*Supplied data*
------

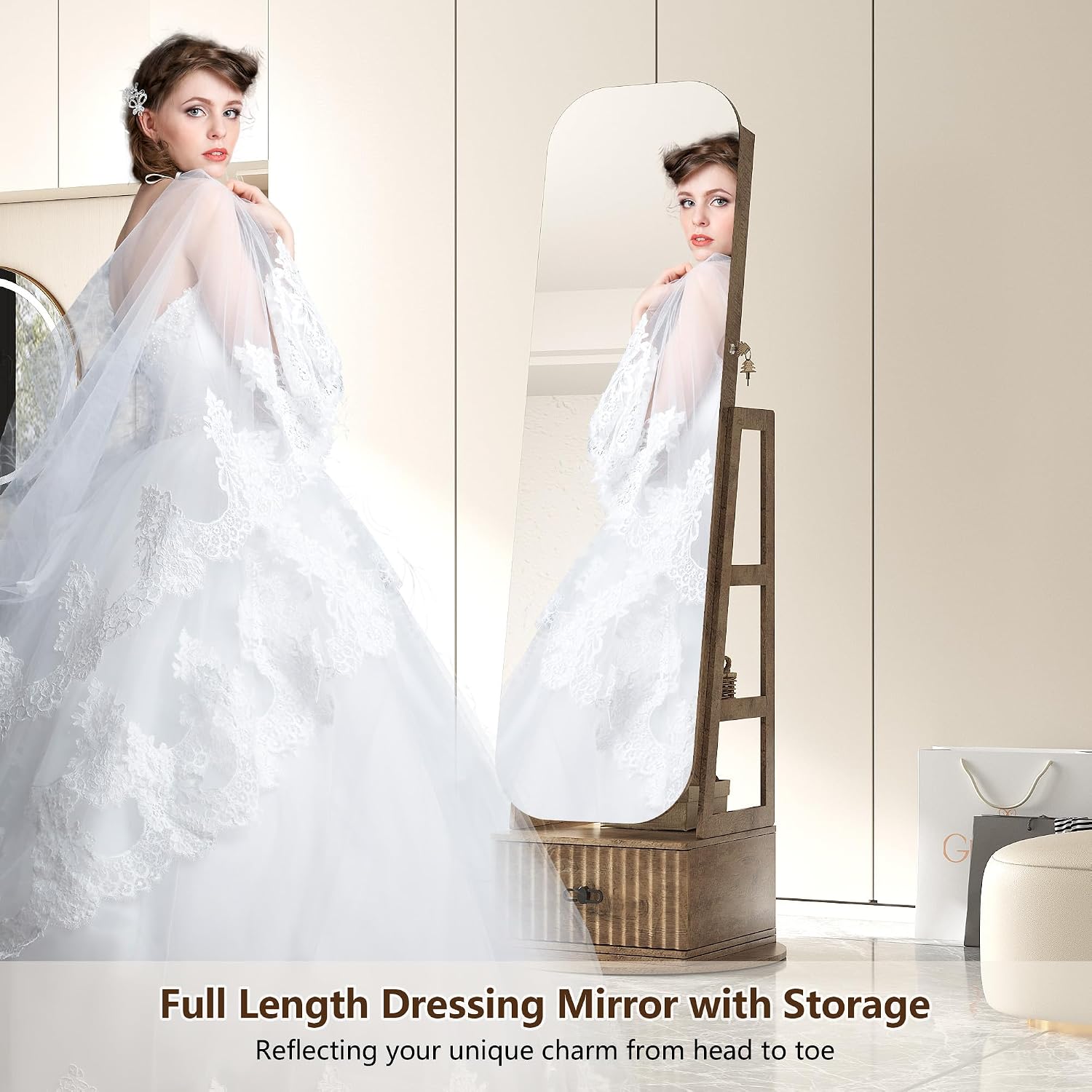 Organiseur de bijoux pivotant  - Full Length Mirror Jewelry Armoire avis et prix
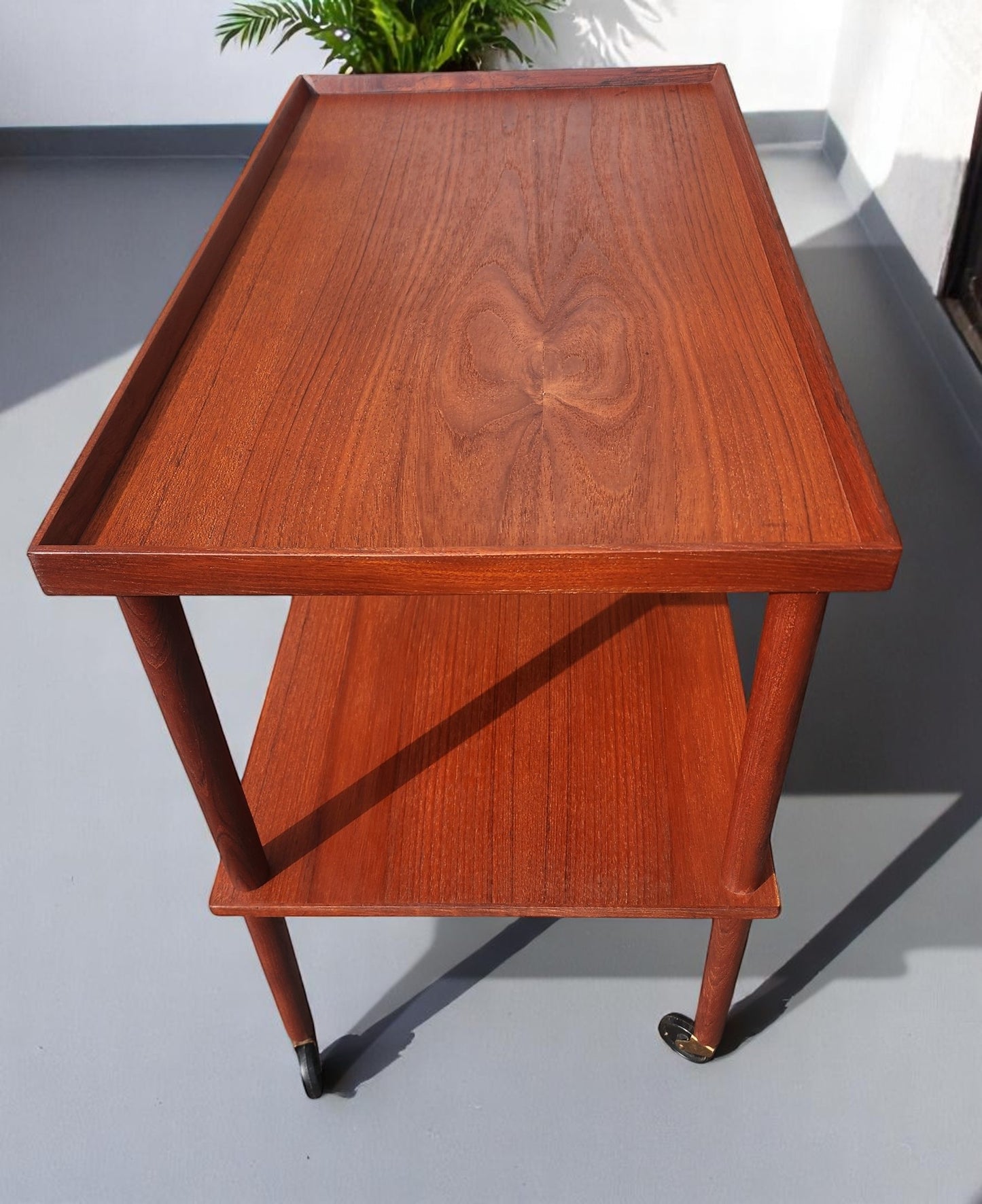 REFINISHED Danish Mid Century Modern Teak Bar Cart or Drinks Trolley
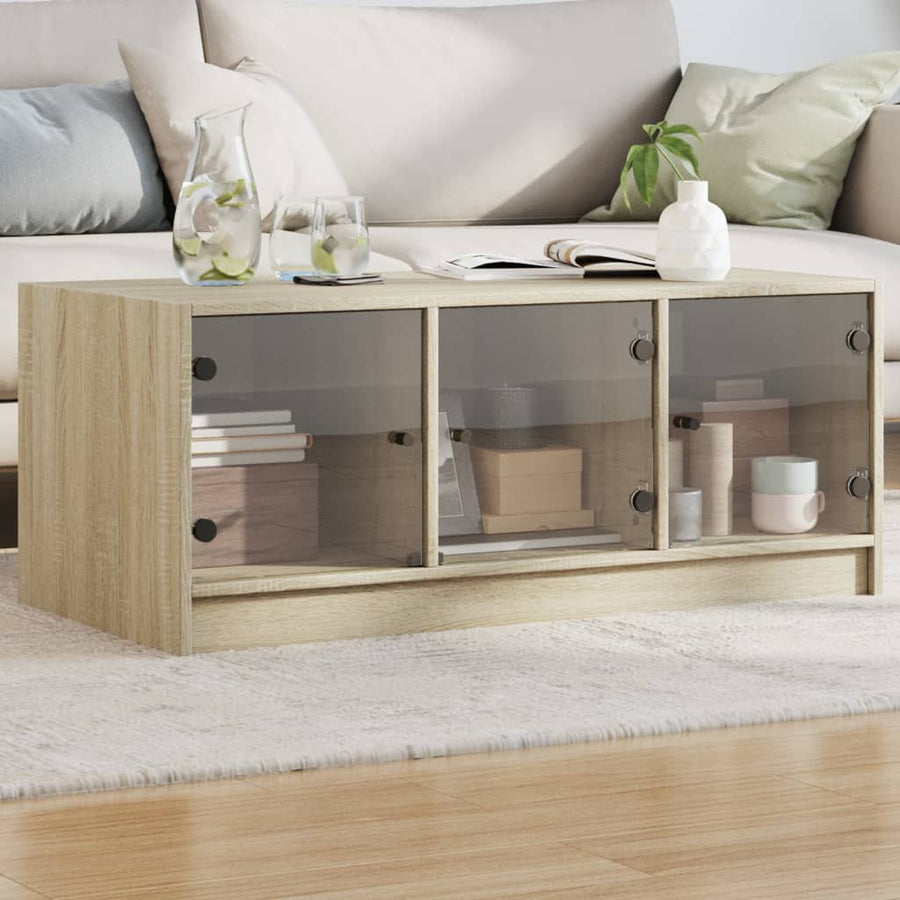 Salontafel Met Glazen Deuren 02X50X42 Cm Kleurig Sonoma eiken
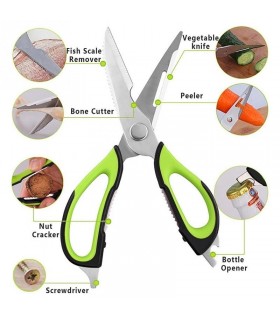 Мултифункционална домакинска ножица 7 в 1 и магнитна стойка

------

Retyped exactly, the lines from the one holding "Salontafel Met Glazen" through the last line of the data above are the whole answer. Pictures stay out.

 Salontafel Met Glazen Deuren 02X50X42 Cm Kleurig Sonoma eiken
 Мултифункционална домакинска ножица 7 в 1 и магнитна стойка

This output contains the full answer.